Vue sur le Monastère de Mar Behnam, après l'EI. © REUTERS

Des chrétiens d’Irak réinvestissent leur monastère saccagé par l’EI

Le Vif

Devant l’autel détruit, le père Charbel Issou écarte les bras, paumes vers le ciel, et entame sa prière devant une pieuse assemblée de combattants irakiens, kalachnikov en bandoulière.

« Notre Père qui êtes aux cieux, que ton nom soit sanctifié, que ton règne vienne », chantent-ils. Sur le mur d’en face, un graffiti proclame en lettres noires: « Allahu Akbar (Dieu est grand) ».

Il y a quelques jours, les troupes pro-gouvernementales ont repris le monastère syriaque catholique de Mar Behnam aux jihadistes du groupe Etat islamique (EI), qui en avaient le contrôle depuis plus de deux ans.

Bas-reliefs brisés, statue de la Vierge Marie décapitée… A leur arrivée les islamistes radicaux ont chassé les moines et mis à sac l’édifice chrétien, construit au IVe siècle après J.-C. à 30 km de Mossoul (nord), où les troupes irakiennes ont engagé mi-octobre une vaste offensive contre l’EI.

« Je suis à la fois heureux et triste », soupire Charbel Issou, l’ancien responsable du monastère en redécouvrant pour le première fois les lieux qu’il avait dû abandonner. « Je suis content de revenir sur ce lieu saint où j’ai passé un an et demi. Mais en même temps, je suis attristé de le voir dans cet état, démoli. Ca me fait mal au coeur », confie-t-il.

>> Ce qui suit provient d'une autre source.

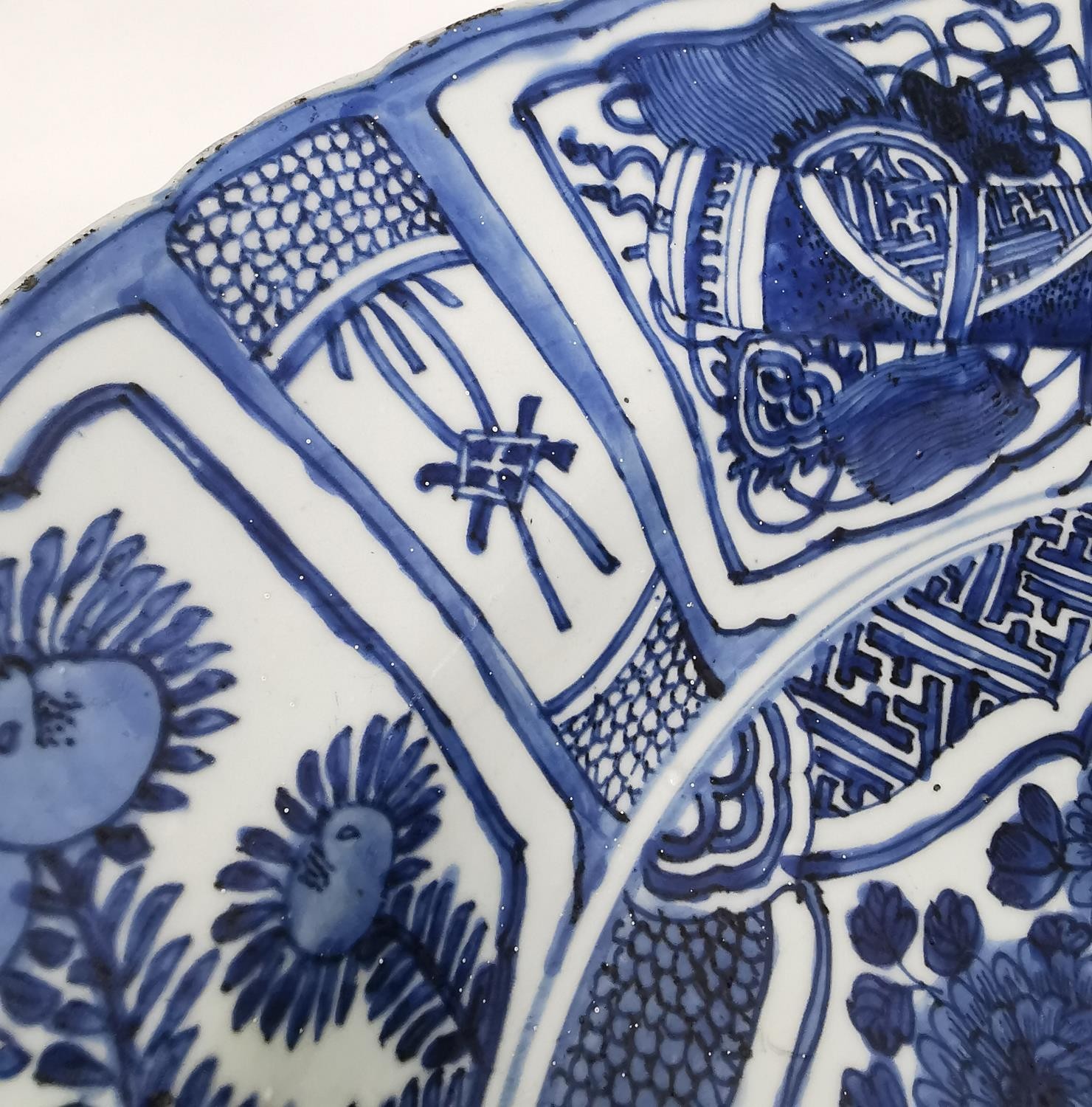 A very large Kangxi period Chinese Kraak blue and white charger decorated to its center with a - Image 6 of 14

Devant le monastère, l’un des lieux de culte les plus anciens et les plus vénérés du christianisme en Irak, un tas de gravats gît sur l’ancien emplacement des tombes de Mar Behnam – un saint syriaque qui a donné son nom au monastère – et de sa soeur Sarah.

Brigade de Babylone

En 2015, les jihadistes ont mis en ligne une vidéo les montrant en train de dynamiter les sépultures, dont il ne reste presque plus rien.

Un acte de vandalisme parmi d’autres commis par les hommes de l’EI dans la région. Du site assyrien de Nimrod en passant par les plus beaux temples de la cité greco-romaine de Palmyre, en Syrie voisine, les extrémistes sunnites ont détruit d’innombrables biens culturels sur leur passage.

Lorsque les jihadistes ont envahi la plaine de Ninive dans le nord de l’Irak en 2014, ils ont laissé trois options aux chrétiens: se convertir, payer une taxe ou ou mourir. Environ 120.000 d’entre eux ont pris la fuite. Et il ne sera pas aisé de reconstituer leur communauté, prévient le père Issou.

« Vous devriez voir leurs maisons, souffle-t-i. La moitié d’entre elles ont été réduites en cendres ».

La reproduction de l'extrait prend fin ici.